Alguém pensará que a Suíça, que já recebeu 27 vezes o Nobel e tem menos população que nós, faz este chinfrim quando morre algum (olha: um dos nossos ex-colegas do Lab. de Zurich)? Haja pachorra...

Manuel Vilarinho Pires disse...

Joana,

Primeiros, a sorte também se constrói...
Segundos, a parte boa é a que eu digo no meu último parágrafo: "assim na terra, como no céu".
Terceiros, tu disseste algures no Facebook que não era pelas mesmas razões que eu que não gostavas especialmente do Saramago... tens a certeza?
Quartos, quando formos no 28 lembra-me de contar uma anedota do meu avô sobre "assim na terra como no céu" que, por ter uma componente mímica importante, não vale a pena contar aqui...

Vitor M. Trigo disse...

Perguntas: O Sr. Silva não veio ao enterro de Saramago. Who cares?

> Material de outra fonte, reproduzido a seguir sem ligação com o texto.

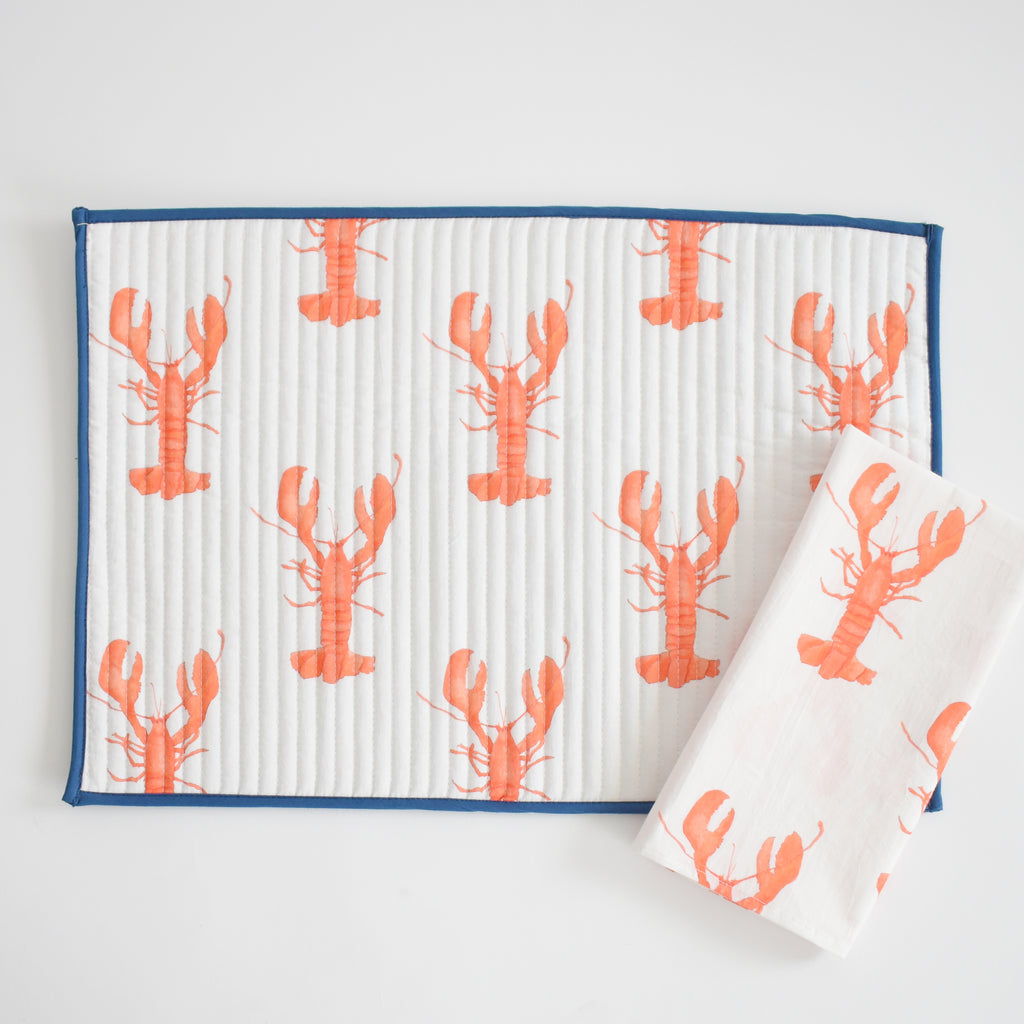 Lobster Placemats by Sara Fitz
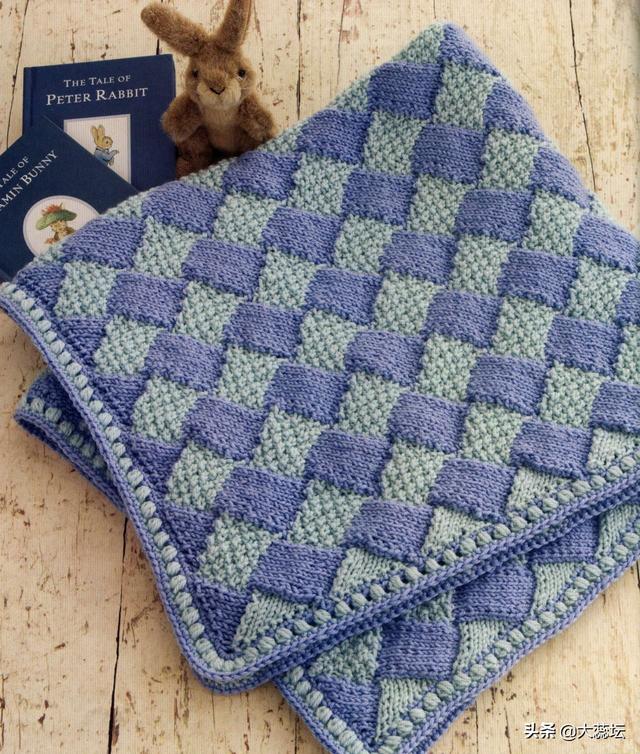 分享60款儿童毛毯/包被编织图，可爱又实用，宝妈们选一款织吧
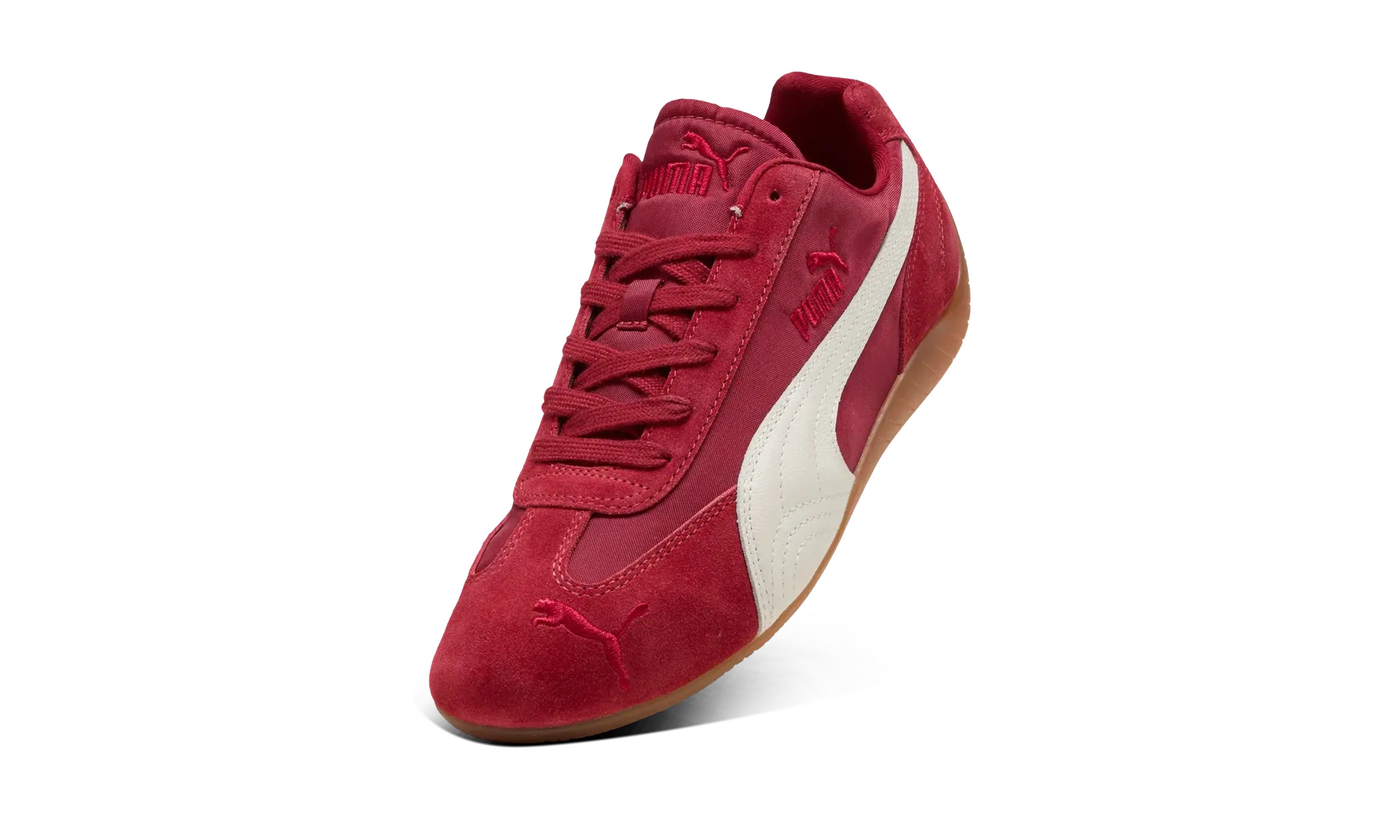 Puma Speedcat Nylon Dark Crimson White - Image 3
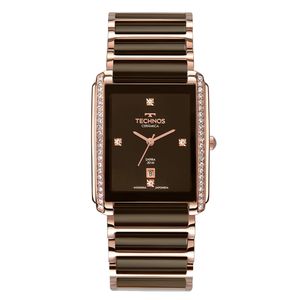 Relógio Technos Feminino Cerâmica Rosé - GN10AZ/1M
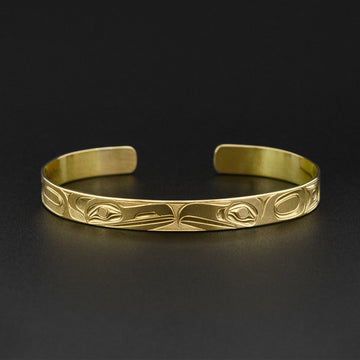 Raven and Eagle - 14k Gold Bracelet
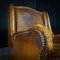 Vintage Leather Wingback Armchair, Image 2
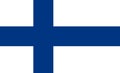 National Flag Republic of Finland, Sea-blue Nordic cross on white field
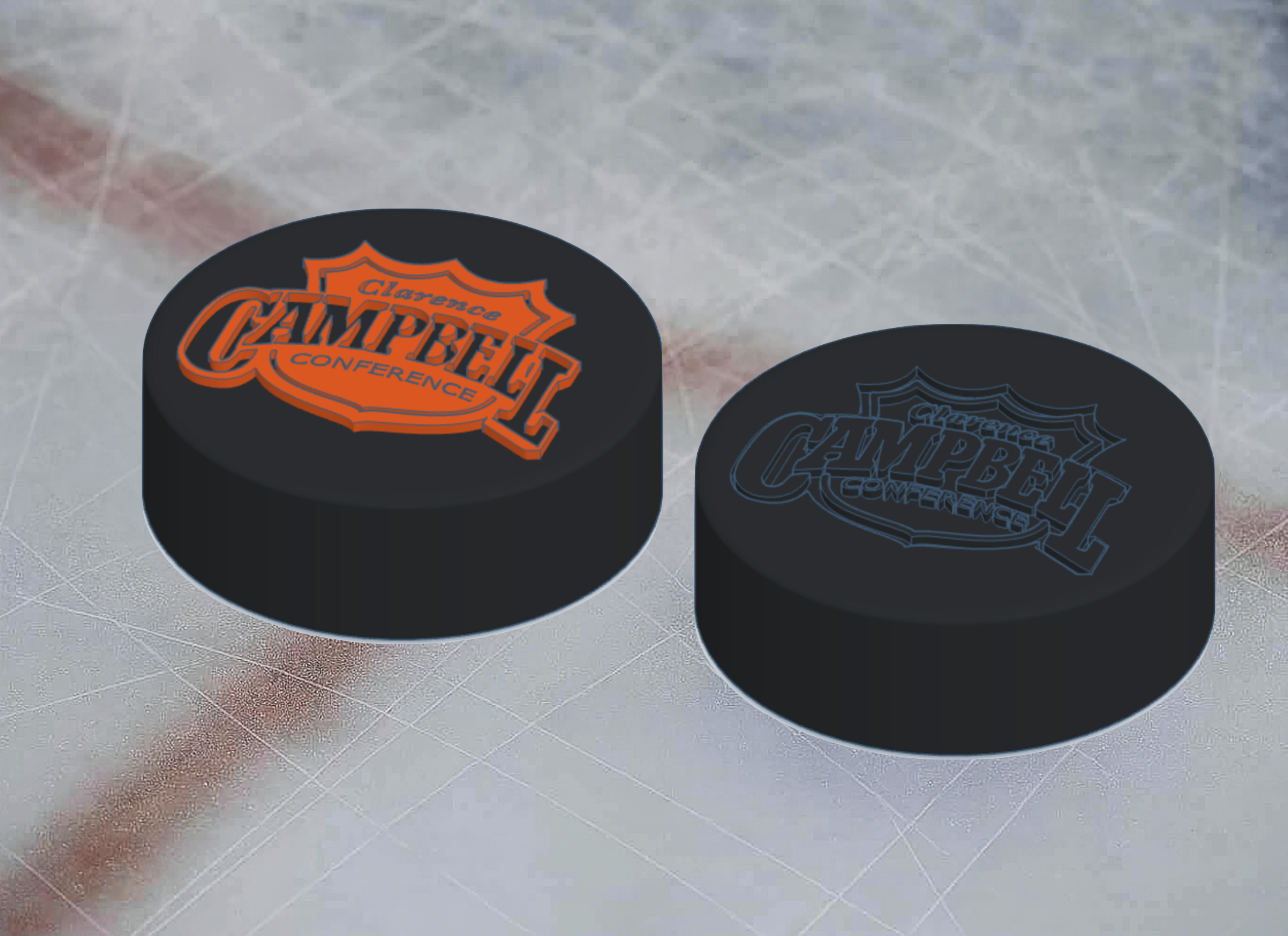 Campbell Conference Retro NHL Hockey Puck Logo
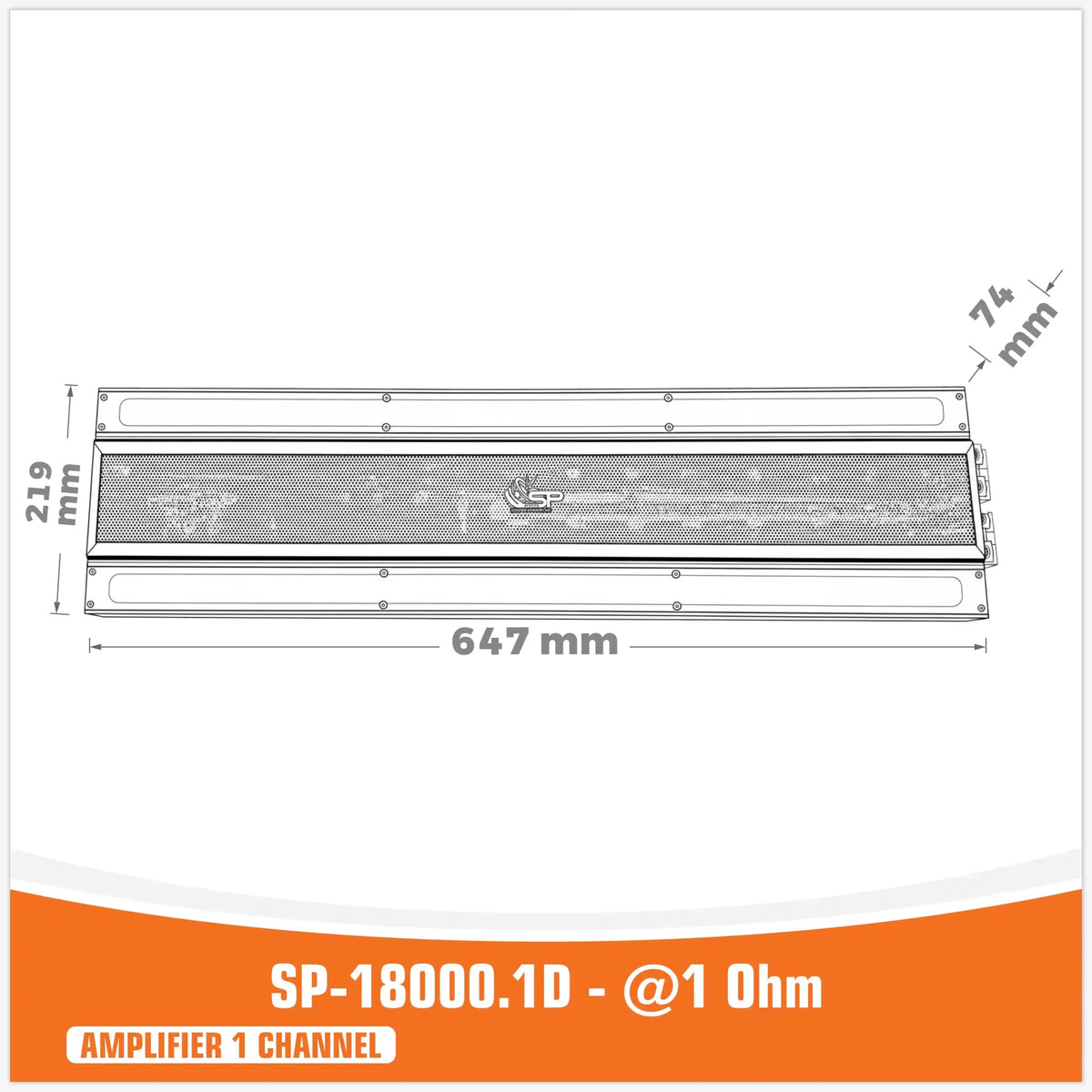 SP-18000.1D, Mono Class-D Versterker, 18000W, 1 ohm, foto 2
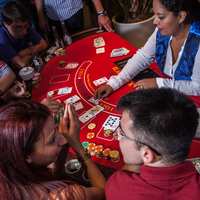 mesa black jack para eventos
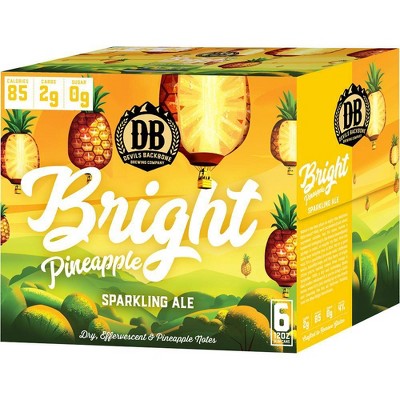 Devils Backbone Bright Pineapple Sparkling Ale - 6pk/12 fl oz Cans
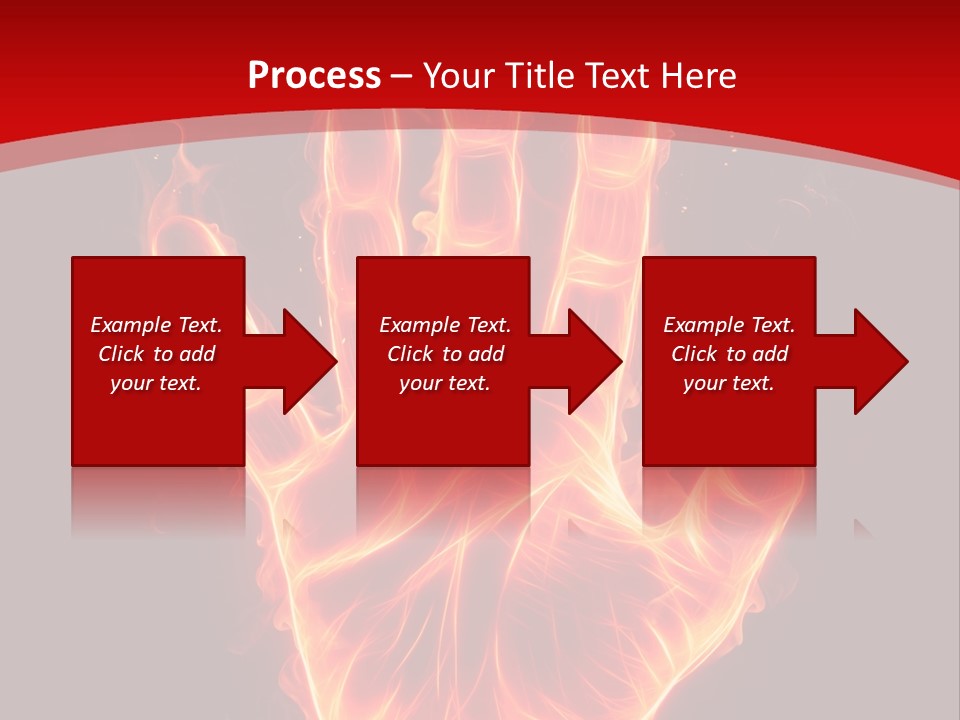 Impression Heat Fire PowerPoint Template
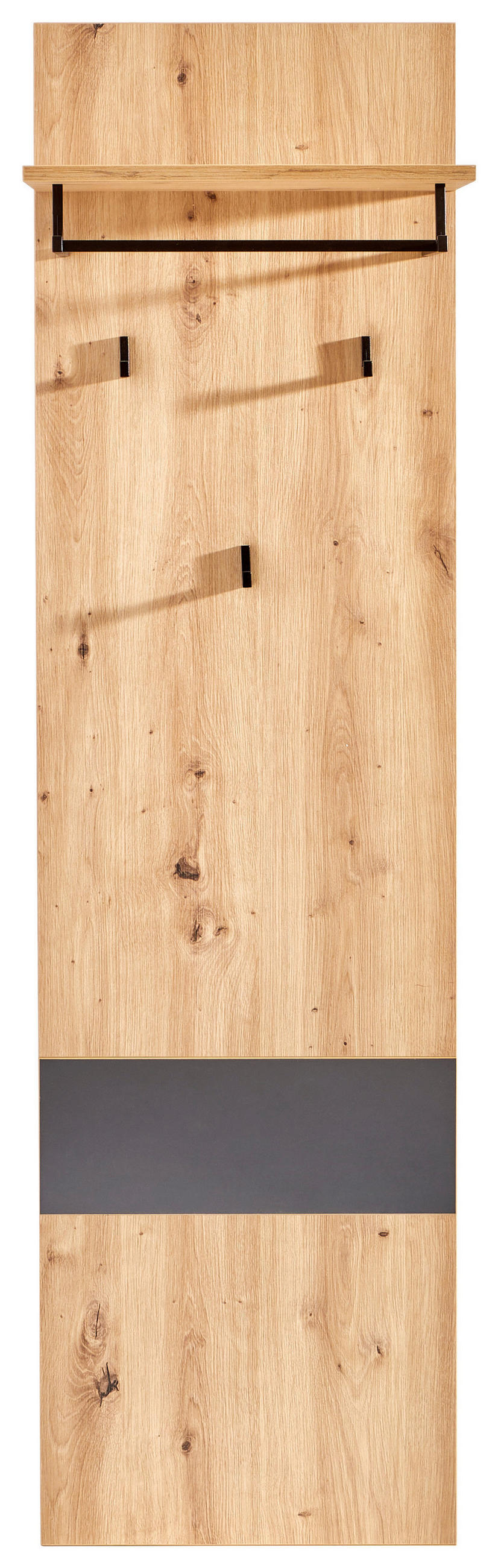 GARDEROBENPANEEL  in 45/165/30 cm  - Anthrazit/Eiche Artisan, KONVENTIONELL, Holzwerkstoff (45/165/30cm) - Carryhome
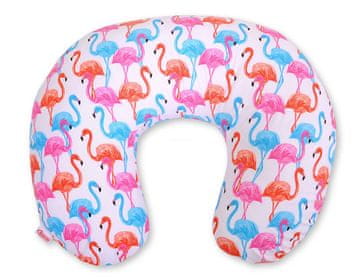 Bobono Jastuk za dojenje u obliku graha + odvojiva navlaka - flamingosi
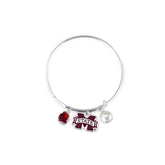 Fan Frenzy Gifts Mississippi State Fan Bangle Bracelet Bulldogs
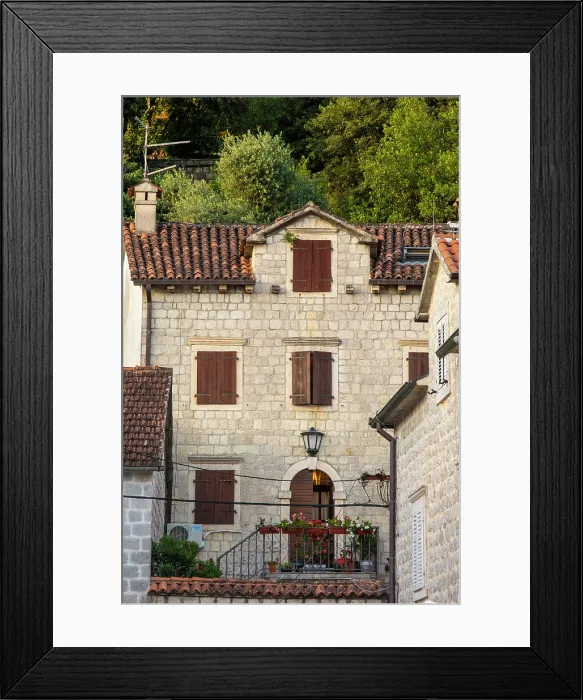 Framed Print : Typical house in Perast, Kotor Bay, Montenegro Framed Print : Typical house in Perast, Kotor Bay, Montenegro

Eu acho que a resposta é: Francisco Louçã, que, no seu melhor estimo populista e precipitado, aproveitou para fazer "política".

Joana Lopes disse...

Pois, Vítor, não havia necessidade...

papitata disse...

O Sr. Silva foi rotulado por JS como "o génio da banalidade", por tudo o que diz ser banal.
O artigo do L'Osservatore Romano diz que Saramago tentou banalizar o divino.
Para mim, há poucas coisas mais banais do que o divino, tal como concebido pelo homem de agá maiúsculo, ou de músculo, quando não de molusco.
Logo, e segundo JS, o Sr. Silva é divino?
Há dias em que a lógica deturpada tem piada.